§ **ACTIVITY**
Reproduce word for word the line holding "2011 Mercedes-Benz W204" and all lines after it in the data, through the end, leaving out pictures.

---------- DATA TO EXAMINE ----------

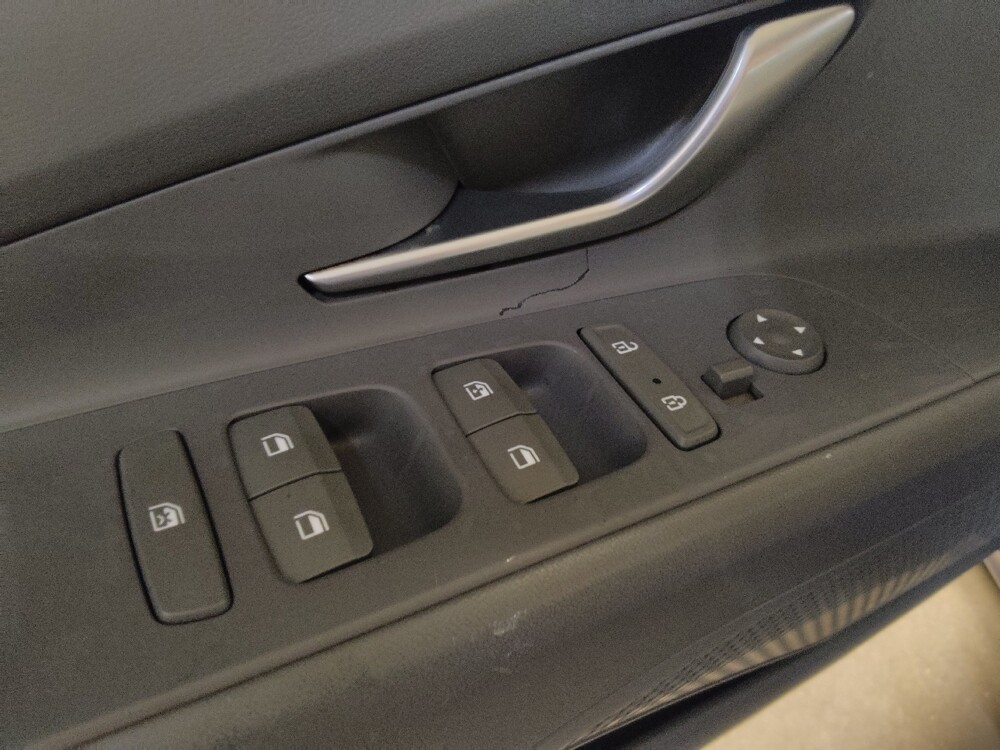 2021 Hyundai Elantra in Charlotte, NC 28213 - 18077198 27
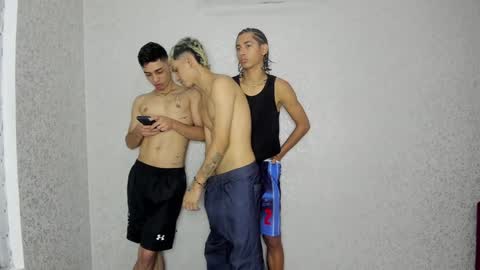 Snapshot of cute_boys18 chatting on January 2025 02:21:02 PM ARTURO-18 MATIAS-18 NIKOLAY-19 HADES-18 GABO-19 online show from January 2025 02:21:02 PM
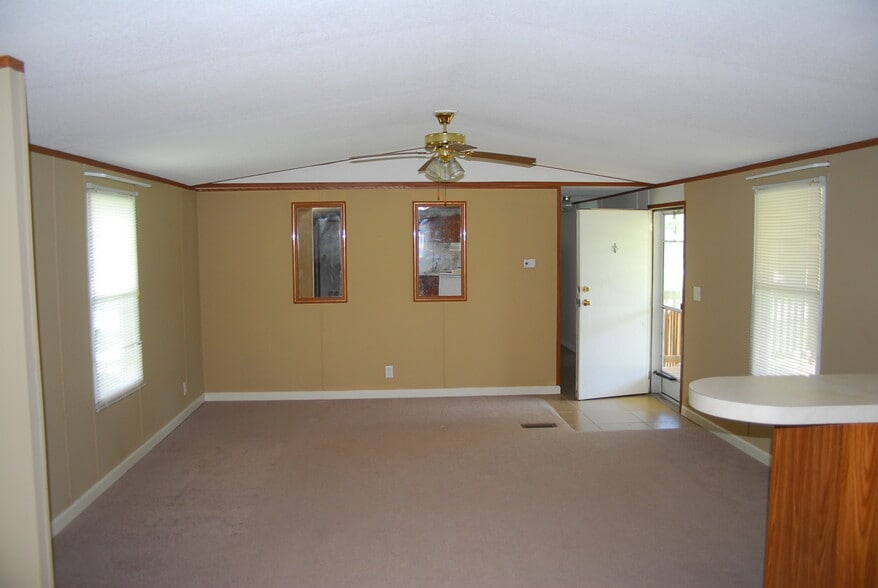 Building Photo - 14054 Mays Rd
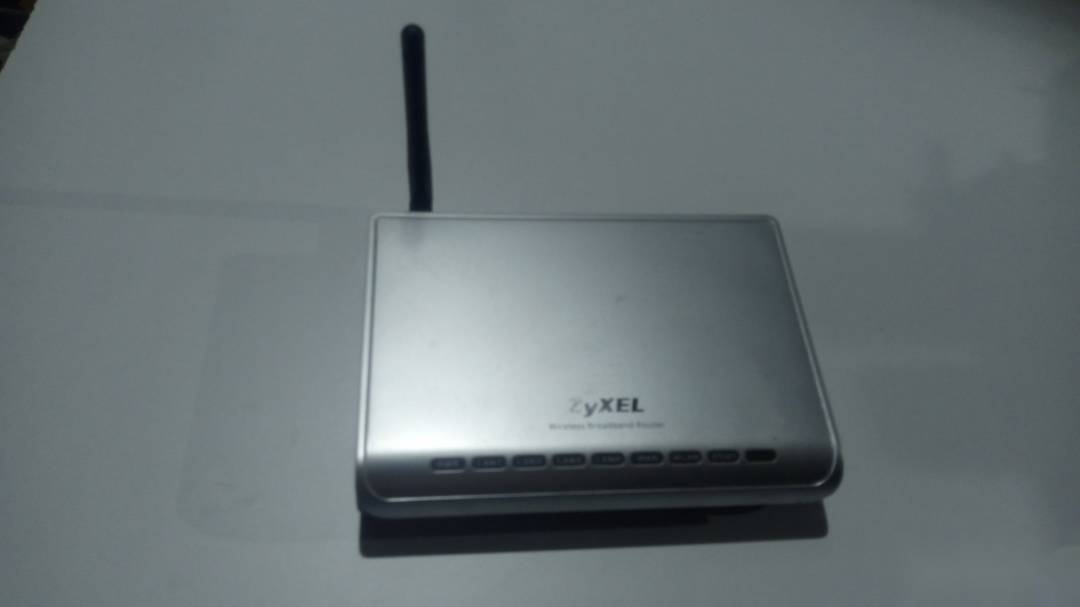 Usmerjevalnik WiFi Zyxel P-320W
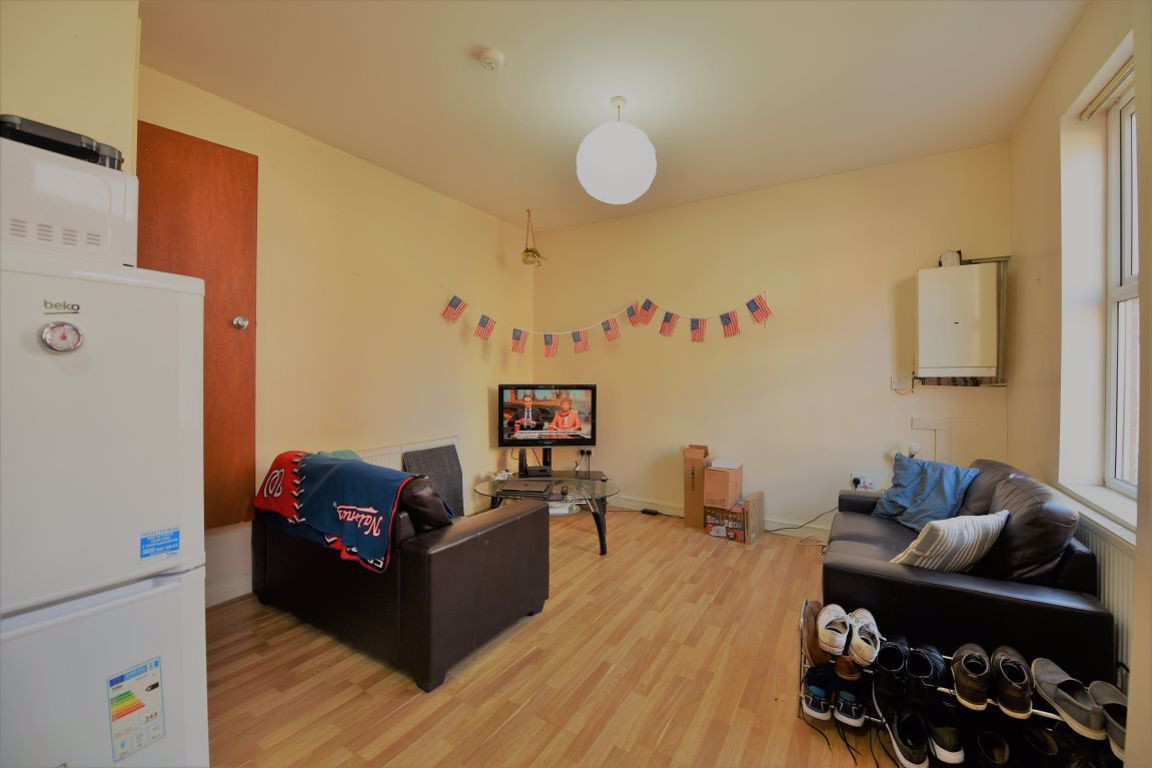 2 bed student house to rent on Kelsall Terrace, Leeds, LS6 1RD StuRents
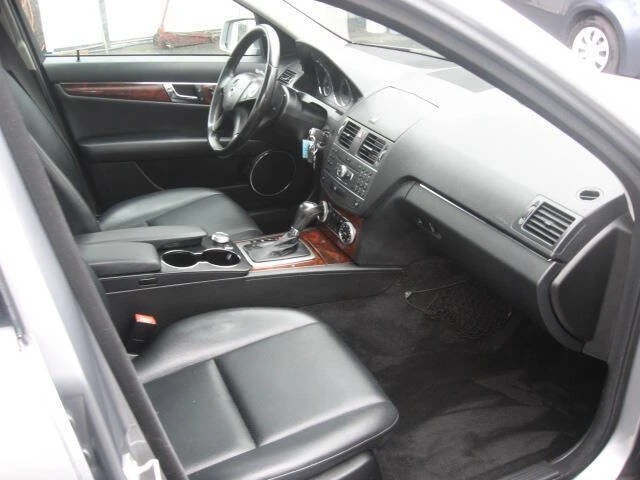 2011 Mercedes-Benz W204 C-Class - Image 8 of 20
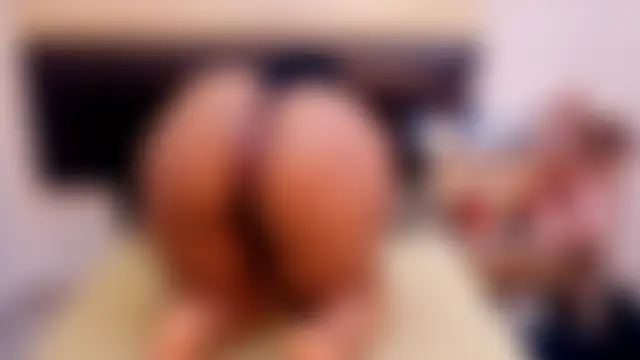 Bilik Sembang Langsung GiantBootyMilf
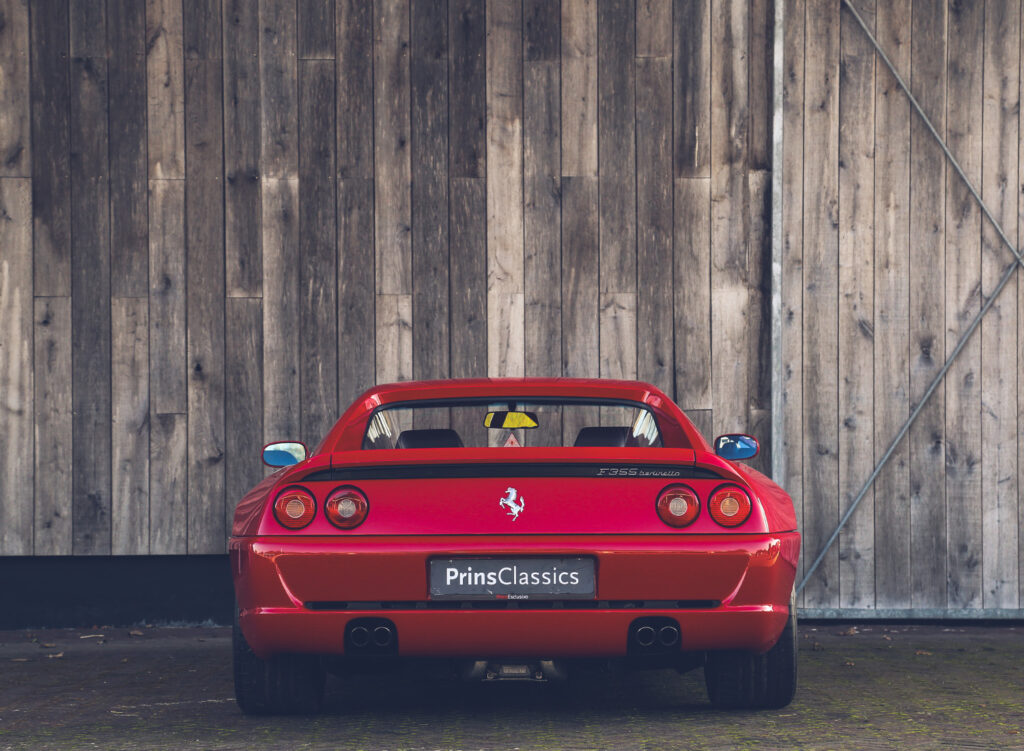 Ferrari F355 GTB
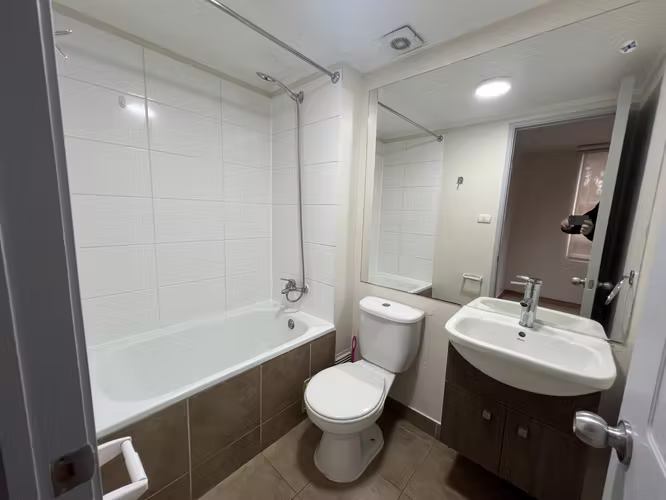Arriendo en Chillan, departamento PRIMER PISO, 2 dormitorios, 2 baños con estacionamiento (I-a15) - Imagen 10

----------

§ **SOLUTION FOR THIS EXERCISE**
 2011 Mercedes-Benz W204 C-Class - Image 8 of 20
 Bilik Sembang Langsung GiantBootyMilf
 Ferrari F355 GTB
Arriendo en Chillan, departamento PRIMER PISO, 2 dormitorios, 2 baños con estacionamiento (I-a15) - Imagen 10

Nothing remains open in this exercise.